In [1]:
!pip install openmeteo-requests
!pip install requests-cache retry-requests numpy pandas



Testing the API call code for a selected pool of municipalities

In [1]:
import openmeteo_requests
import requests_cache
import pandas as pd
from retry_requests import retry

# Setup the Open-Meteo API client with cache and retry on error
cache_session = requests_cache.CachedSession('.cache', expire_after=-1)
retry_session = retry(cache_session, retries=5, backoff_factor=0.2)
openmeteo = openmeteo_requests.Client(session=retry_session)

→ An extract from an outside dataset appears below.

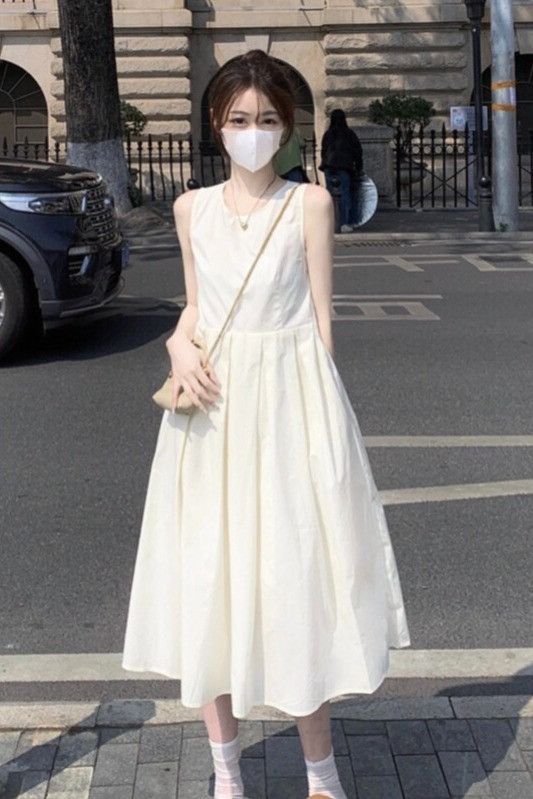 민소매 화이트 원피스 슬림핏 여성 여름 시원한 스타일 데일리룩 프렌치 감성 휴양지원피스 바캉스룩 매력적인 디자인 - 상세 이미지 5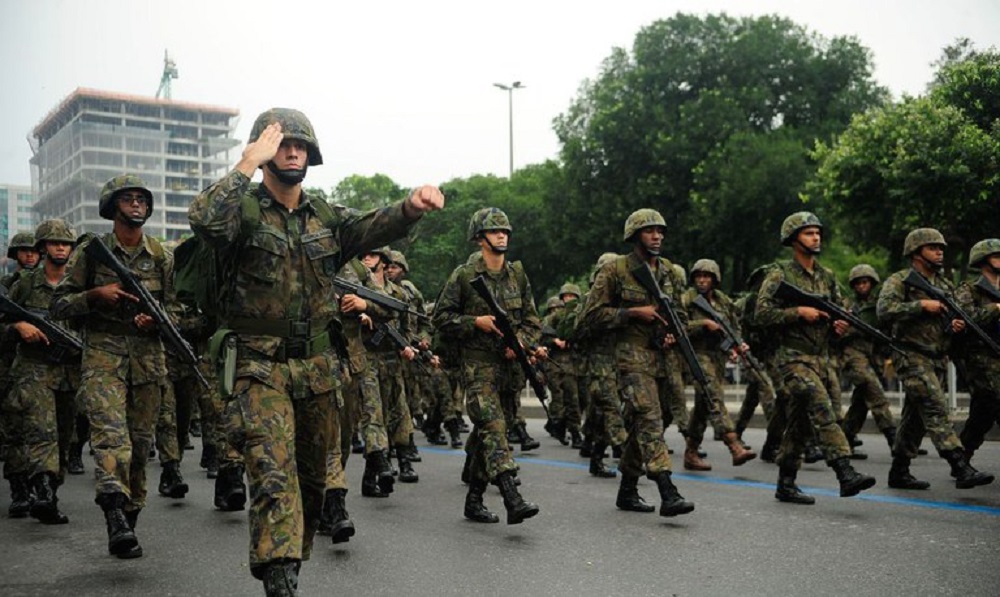 Alistamento militar para homens e mulheres começa dia 1º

# List of locations with their coordinates (latitude, longitude)
locations = [
    {"name": "Trento", "latitude": 46.0679, "longitude": 11.1211},
    {"name": "Bolzano", "latitude": 46.4983, "longitude": 11.3548},
    {"name": "Rovereto", "latitude": 45.8903, "longitude": 11.0372}
]

# Date range and variables for the API request
start_date = "2024-01-01"
end_date = "2024-10-30"
hourly_variables = [
    "temperature_2m", "relative_humidity_2m", "precipitation", "rain",
    "cloud_cover", "cloud_cover_low", "cloud_cover_mid", "cloud_cover_high",
    "wind_speed_10m", "soil_temperature_0_to_7cm"
]

# Rounding rules for formatting and approximating the variables
rounding_rules = {
    'temperature_2m (°C)': 1,
    'relative_humidity_2m (%)': 0,
    'precipitation (mm)': 2,
    'rain (mm)': 2,
    'cloud_cover (%)': 0,
    'cloud_cover_low (%)': 0,
    'cloud_cover_mid (%)': 0,
    'cloud_cover_high (%)': 0,
    'wind_speed_10m (km/h)': 1,
    'soil_temperature_0_to_7cm (°C)': 1
}

# Loop through each location and retrieve weather data
for location in locations:
    print(f"Processing weather data for {location['name']}...")
    
    params = {
        "latitude": location["latitude"],
        "longitude": location["longitude"],
        "start_date": start_date,
        "end_date": end_date,
        "hourly": hourly_variables
    }
    
    responses = openmeteo.weather_api("https://archive-api.open-meteo.com/v1/archive", params=params)
    
    # Process response for the current location
    response = responses[0]
    hourly = response.Hourly()
    hourly_data = {
        "date": pd.date_range(
            start=pd.to_datetime(hourly.Time(), unit="s", utc=True),
            end=pd.to_datetime(hourly.TimeEnd(), unit="s", utc=True),
            freq=pd.Timedelta(seconds=hourly.Interval()),
            inclusive="left"
        )
    }
    for i, var in enumerate(hourly_variables):
        hourly_data[var] = hourly.Variables(i).ValuesAsNumpy()
    
    # Convert to DataFrame
    df = pd.DataFrame(data=hourly_data)
    
    # Rename columns to match the desired format
    rename_mapping = {
        'date': 'time',
        'temperature_2m': 'temperature_2m (°C)',
        'relative_humidity_2m': 'relative_humidity_2m (%)',
        'precipitation': 'precipitation (mm)',
        'rain': 'rain (mm)',
        'cloud_cover': 'cloud_cover (%)',
        'cloud_cover_low': 'cloud_cover_low (%)',
        'cloud_cover_mid': 'cloud_cover_mid (%)',
        'cloud_cover_high': 'cloud_cover_high (%)',
        'wind_speed_10m': 'wind_speed_10m (km/h)',
        'soil_temperature_0_to_7cm': 'soil_temperature_0_to_7cm (°C)'
    }
    df.rename(columns=rename_mapping, inplace=True)
    
    # Format the 'time' column
    df['time'] = pd.to_datetime(df['time']).dt.strftime('%Y-%m-%dT%H:%M')
    
    # Apply rounding rules
    for column, decimals in rounding_rules.items():
        if column in df.columns:
            if decimals == 0:
                # For integer columns, apply round and convert to int
                df[column] = df[column].round(decimals).astype(int)
            else:
                # For other columns, apply rounding with specified decimals
                df[column] = df[column].round(decimals)
    
    # Save the transformed dataset
    output_file = f"{location['name']}_weather.csv"
    df.to_csv(output_file, index=False)
    print(f"Weather data for {location['name']} saved to {output_file}")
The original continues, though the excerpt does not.